Let $G = (\mathbb Z/2\mathbb Z)^{\ast m}$ be a free product of some groups of order $2$. Let $\alpha_1,\ldots,\alpha_m$ be the generators.
Can I find a free, nonabelian subgroup of $G$ that has no nontrivial elements conjugate to any $\alpha_i \alpha_j$? How can I prove it?
I'll answer the stronger version of your question where the set of words $\alpha_i \alpha_j$ is replaced by any finite subset $A \subset G$.
This is not possible if $m=1$ because $G$ is finite in that case and so has no free, nonabelian subgroup.
It is also not possible if $m=2$ because $G$ is the infinite dihedral group which has an index 2 abelian subgroup (in fact cyclic) and therefore has no free nonabelian subgroup.
So we need to assume $m \ge 3$.
Every element of $G$ is expressed uniquely as a "reduced word" meaning a sequence of the form $\alpha_{i_1} .... \alpha_{i_k}$ in which any two consecutive letters $\alpha_{i_j} \alpha_{i_{j+1}}$ are unequal. The identity corresponds to the empty word with $k=0$.
Every conjugacy class in $G$ has a representative which is expressed semi-uniquely as a "cyclically reduced word" meaning that it is reduced and $b_{i_m}, b_{i_1}$ are unequal; by "semi-unique" I mean that such a representative of the conjugacy class is unique up to cyclic permutation of the word.
Okay, so, the first step is to express the conjugacy class of each element of $A$ as a cyclically reduced word, and then take $k$ to be the maximum length of those words.
Here's a particularly simple construction if $m \ge 4$.
Pick distinct reduced words $w,v$ of length $>k$ such that the starting and ending letters of $w$ and $v$ are 4 different letters, for example: $$w = (\alpha_1 \alpha_2)^k \alpha_3 $$ $$v = (\alpha_2 \alpha_3)^k \alpha_4 $$ It follows that every nontrivial reduced word in the letters $w$ and $v$, after substitution, becomes a cyclically reduced word in the letters $\alpha_1,\ldots,\alpha_4$, and furthermore it has length $\ge k$. For example $$w^{-1} v = \alpha_3 (\alpha_2 \alpha_1)^k (\alpha_2 \alpha_3)^k \alpha_4 $$ Therefore, the group $\langle w,v \rangle$ is a rank 2 free group and every nontrivial element in it is cyclically reduced of length $> k$, hence is not conjugate to any element of the set $A$.

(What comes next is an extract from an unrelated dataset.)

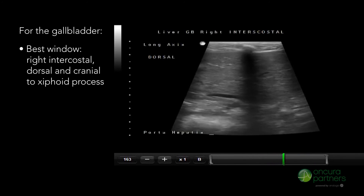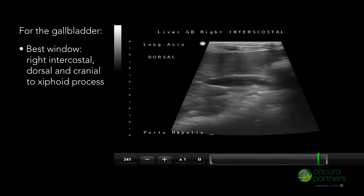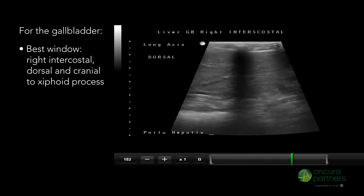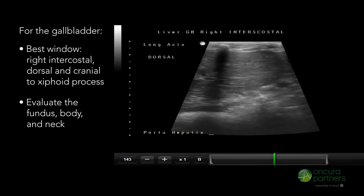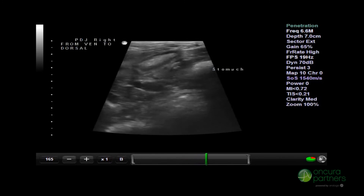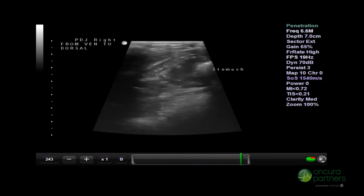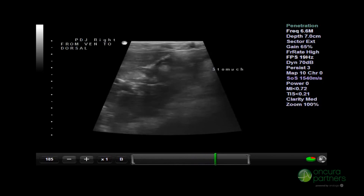The best window for visualization will be the right intercostal, dorsal and cranial to the xiphoid process. This window will allow the sonographer to evaluate the fundus, body, and neck of the gallbladder, especially if gallstones are suspected. The porta hepatis and the pyloric duodenal junction can also be evaluated using this technique, since the neck of the gallbladder can be used to identify this region.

If $m=3$ it's not possible to choose $w,v$ in such a simplistic manner. But one can choose the $w,v$ to be long reduced words (of length $\ge k + 4$) in the letters $\alpha_1,\ldots,\alpha_3$ so that each of the concatenations $ww$, $vv$, $wv$, $wv^{-1}$, $vw$, $vw^{-1}$ produces a word in $\alpha_1,\alpha_2,\alpha_3$ with short cancellation (at most $2$ letters are cancelled). It then follows that each reduced word in the symbols $w,v$ evaluates to a word in the letters $\alpha_1,\alpha_2,\alpha_3$ whose cyclic reduction has length $\ge k+2$, and so is nontrivial and not conjugate to any element of $A$.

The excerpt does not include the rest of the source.